Thursday

Shared Application Filesystem

Recently we upgraded our production environment to a shared application file system. The intention of posts like these isn't to list out step by step which tasks we followed while performing the upgrade but to provide you with an overview of our approach and issues you may encounter.

To start, it would probably be best to provide you with an overview of our architecture. Our production environment is by use by almost everyone in the company. If you have an expense, we use EBS, if you have to submit a timesheet, chances are you use EBS. Of course, its mostly used as a financials environment but by the end of this year more and more modules will be brought online.




As you can see from the diagram, we have a load balanced application tier, a single database node with a cold failover and most of the environment resides on a SAN.

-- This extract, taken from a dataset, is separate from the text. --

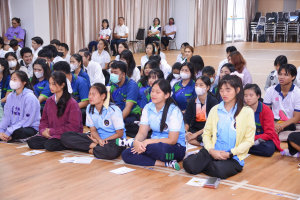 สำนักศิลปะและวัฒนธรรม ร่วมกับ มูลนิธิสถาบันพลังจิตตานุภาพ หลวงพ่อวิริยังค์ จัดอบรมหลักสูตร ชินนสาสมาธิ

Details on how to implement a Shared Application filesystem can be found in Note: 233428.1










Here are the basic steps we followed:
  • Merge existing APPL_TOPS. The document above doesn't say which node should be the primary in a shared application filesystem. I did encounter one note: 372758.1 which mentions WEB node must be primary. In the end, we did choose the admin node as primary since it would cut down on the implementation time.

    When running perl adcfgclone.pl appsTier on the primary node after you copy the files from the secondary nodes, you have to say yes to all services.
  • Share the filesystem to the other Nodes. Make sure the filesystem is mounted in nolock mode if this is a unix based environment. Or you may encounter the problem described in Note: 390425.1 - Cannot Start Apache After Adding A Web Node On Shared APPL_TOP. For our environment, we shared a SAN mount point on the dbTier via NFS to the application tiers.
  • Add a node to the shared application filesystem. Note: you will need to create a location for each application tier to store configuration files. It needs to be created before you run txkSOHM.pl. In our environment, we used local disk to avoid the issue above.


Issues Encountered
Even tho we ran the adadmin option to check for missing files there were still some that were missing after the merge. Files that were customized on the secondary nodes but not the primary node (pre-merge) did not get updated. One example is the appslogo.gif file. I'm not sure what logic Oracle follows when it determines which files need to be brought over from the secondary servers, so i'm assuming that since appslogo.gif already existed on the primary server, Oracle didn't replace it.

We also noticed that there were quite a few files missing under the $OA_HTML subdirectories.

We have SSL setup in our environment, so we had to re-enable it via the txkrun.pl script. I believe the reason we did this was so we didn't have to manually edit all the files it touches. You will need to copy your SSL certificates to the location you created on each server for configuration files.

Since we have a loadbalanced environment we had to change the related context file values to the appropriate settings. It appears the clone conveniently resets those values. (ie, Web enty%, Active Web Port, Login page... etc)

If you receive a the infamous yellow security bar within forms after you regenerate the jar files and you didn't choose the web tier as your primary server, then you may need to copy your adcert.txt, adsign.txt and adappltop.cer to the primary node.

Maintenance mode via adadmin only works on the primary server. I hit this issue once and haven't double checked it to confirm. Since all patching is performed on the primary server this really isn't an issue.

Each time we run autoconfig a number of files have to be modified, such as adovars.env, some context variables.

As I have mentioned above, on our application tier we have forms/web and on the database tier concurrent/admin. The problem with our approach above is that all the services are enabled on the dbTier. So, when you execute adstrtal.sh all of the services, even apache start up. Obviously, this is not something you want. You can maintain your own start/stop scripts, remove the scripts for the services you don't need (and see some errors when running adstrtal.sh) or you can rerun adcfgclone.pl on the primary tier and disable the services you don't want.

When you execute adpatch it checks $APPL_TOP/admin/adconfig.txt file for which services are enabled on that tier. This file will still show that all services are available, so patching is not an issue. We tested this configuration by applying some patches in our sandbox and confirming that forms and web files have been updated properly.